Now what? I checked the resources and realized that I forgot to add flash resource thus making PCI devices memory BARs overlap flash memory. Same happened for IO ports which overlaped legacy resources, but it still hung. Luckily the JTAG is also an integrated debugger. There was still couple of places in SeaBIOS with CPUID stuff, and one particular hidden in the header which took me some time to find. But it still does not work.
Failing instruction 0f 31 RDTSC. Now it gets interesting. SeaBIOS seems to calibarate the TSC using timer2 and uses TSC for the timekeeping. Rest of the evening is spent to rewrite this using just low accuracy timer1. Late in the night I got “No bootable devices found” which sounds as the best error message I could get! (Yeah Sven likes that too).
Next evening it is a boot Linux time. I want to boot from USB stick (which is not possible from biffboot) using syslinux to boot some custom compiled kernel. SeaBIOS loads syslinux, it loads kernel and… nothing.
JTAG is quite handy… HLT quite early not even running in 0xC0000000 range. I forgot to mention that I tried to load bzImage, most likely it fails in that pre-boot stage. I study the kernel sources and realize even if I enabled early printk’s they go to INT 10H which means I cannot see them.
I quickly hack the function to send it to serial and got this back:
Unable to boot – please use a kernel appropriate to your CPU.
Hm even if cross compiled with ARCH=i386 the menuconfig default was i586. Fix it. Boot again. Linux complains about missing FPU. Oh really a CPU from the past. Turn on FPU emulation in kernel boot again. And nothing again. JTAG came handy again and it fails with invalid opcode again. This time a CMOV instruction. It seems a misc.c file misses -march=i386 and gcc is using CMOV there. After fixing this I got kernel to boot ending with kernel panic.
Something wrong with interrupts. Linux complains that it is unable to route IRQ for OHCI/EHCI and I intended to use USB as rootfs. After short research I realize coreboot writes 0 to PCI 0x3c (BIOS IRQ reg) and I really need to call assign_pci_irq in the ramstage.
After fixing this system finally boots. Sunday trip to visit the parents is partly a flashrom time too, making myself present in living room and not watching TV and hacking flashrom instead (during evening hours again). Afternoon spent fixing sisters car central lock system and fixing unrelated parents radio remote controller. Yeah hacking time all around the clock. Back to flashrom again.

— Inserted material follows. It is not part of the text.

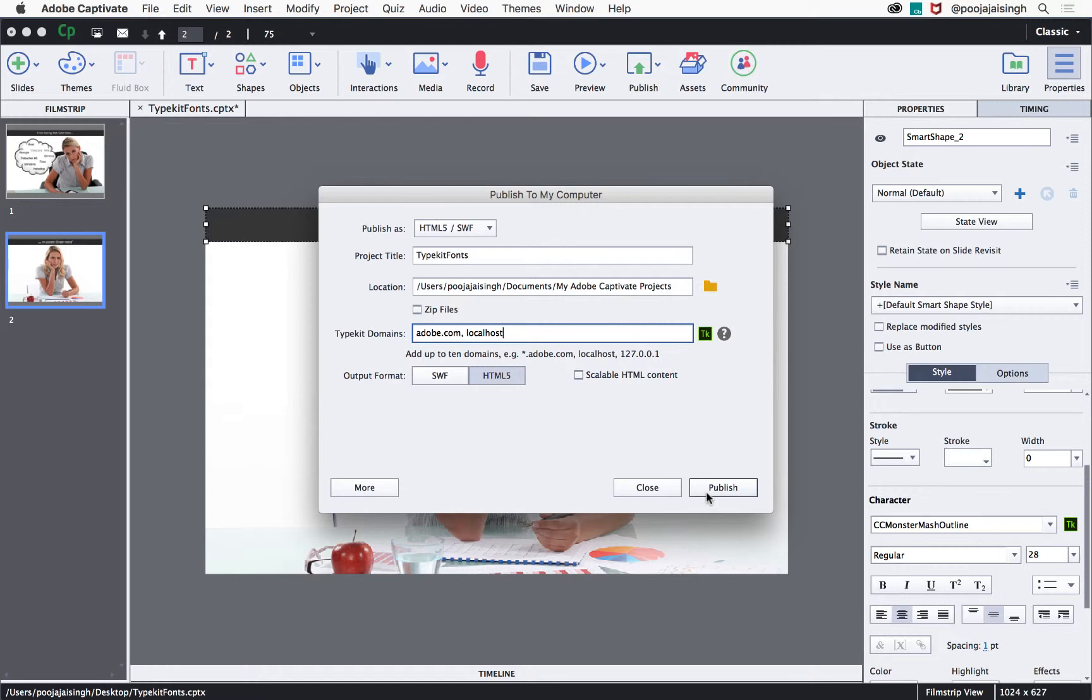Then deploy the content to the LMS or web server and share the course with the learners and let them enjoy consistent viewing experience across devices.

Rule #1 make sure your datasheet matches your chip. I googled the datasheet and found some different one and I even check if the chip’s name under a sticker on board matches. After some time in desperate move I google for full chip name again with last “B” included.
It turns out that the B/T variant of EN29LV640 is something completely different. The chip has a standard JEDEC command set but requires word access (16 bit) for that. The 8bit mode with BYTE# signal grounded is used on bifferboard. The chip probing worked with 8 bit mode and erase too. I even managed to erase the chip. But unable to program anything. The JEDEC toggle bit toggle for eternity and examining the dumps I managed to write first nibble of the byte programmed and also second byte is zero… It sounds fishy but I tried many different things but still no chip programming. Late in the evening I found some kernel module which has biffboot config space writes and they use the 8bit sequence, BUT the programming is in WORD mode, programming two bytes at one.

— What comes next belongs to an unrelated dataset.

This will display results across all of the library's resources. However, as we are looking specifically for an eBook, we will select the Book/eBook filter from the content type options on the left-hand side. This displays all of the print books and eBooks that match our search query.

Fixing flashrom. Verified. Fixing flashrom again, because this “B” variant has non-uniform sectors at the start of the flash.
Now what? Xvilka is working on Vortex86 which is much faster x86 SoC from DMP, but it seems that it has very similar NB and SB. Most likely merging a code is a option here. As for the SeaBIOS programming TSC emulation using timer2 could produce better timming functions even without TSC (task for near future maybe).
As the ultimate goal, maybe reviving the coreboot + u-boot from last April would be nice option here.